College football brings money to the athletic department of a university. Precious little of that money actually makes it into what should be the “core brands” of a university: the service of knowledge (whether passing on old knowledge, usually called “teaching”, or uncovering new knowledge, usually called “research”, or in the case of land-grant universities which often have the most lavish football programs, spreading practical knowledge among the general populace of the state, usually called “extension”).
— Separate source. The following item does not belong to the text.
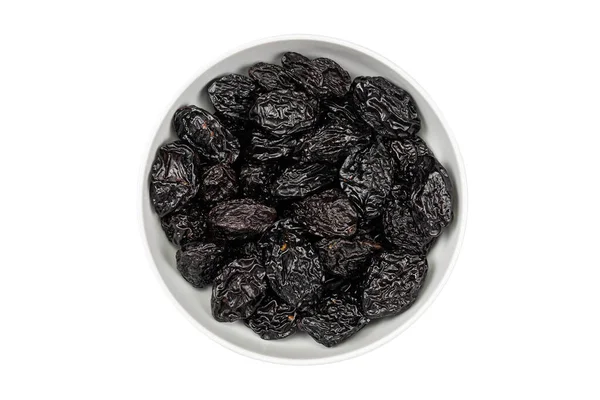 Tailles dans un bol sur fond blanc. prunes sèches — Photo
Oh, yes, a winning season usually brings with it a slight uptick in unrestricted donations, but that is dwarfed by the donations to the athletic program per se. (I know whereof I speak: both my wife and I teach at land grant universities with big football programs — two different ones, in neighboring states — and in both cases my description holds.)
Try proposing a surcharge on athletic tickets, the proceeds of which go to fund the educational (or research) mission of the university and see how far it gets. (Hint: for an analogy, think about suggesting real deregulation of the energy industry in the Obama White House.)
Someone else is probably doing their work in that case.
BCS bowl teams are actually losing money on the bowl games.
“Ban tenure for all so called professors”.
Know what I would like banned? Ban the mandatory sale of books written or co-authored by the professor so they get $ from the students. Each class has required books... some of those books will have the professors name in it somewhere. Thus, the professor gets paid. Plus, they have this neat trick (told to me by a college professor) that they will change some of the wording/paragraphs and create a “new” edition. New editions have to be purchased as new and not “used” (lower priced). The professor makes $ again.
I would actually like to see professors who you can actually understand what they’re saying.
People who propose banning college football should be tarred and feathered and then forced to watch non-stop soccer.
Much of what happens in ‘higher education’ has nothing to do with academics. I don’t think that athletes should be able to take TV remote control 101 and get a degree, but I do think that athletics and education can coexist in a very synergistic way. Does this guy think that education will get better if there is no football? If so, why? It’s quite possible that alumni donations would go down, and thus for tuition to go up.
You mean forced to watch MLS Soccer......EPL Soccer Rules!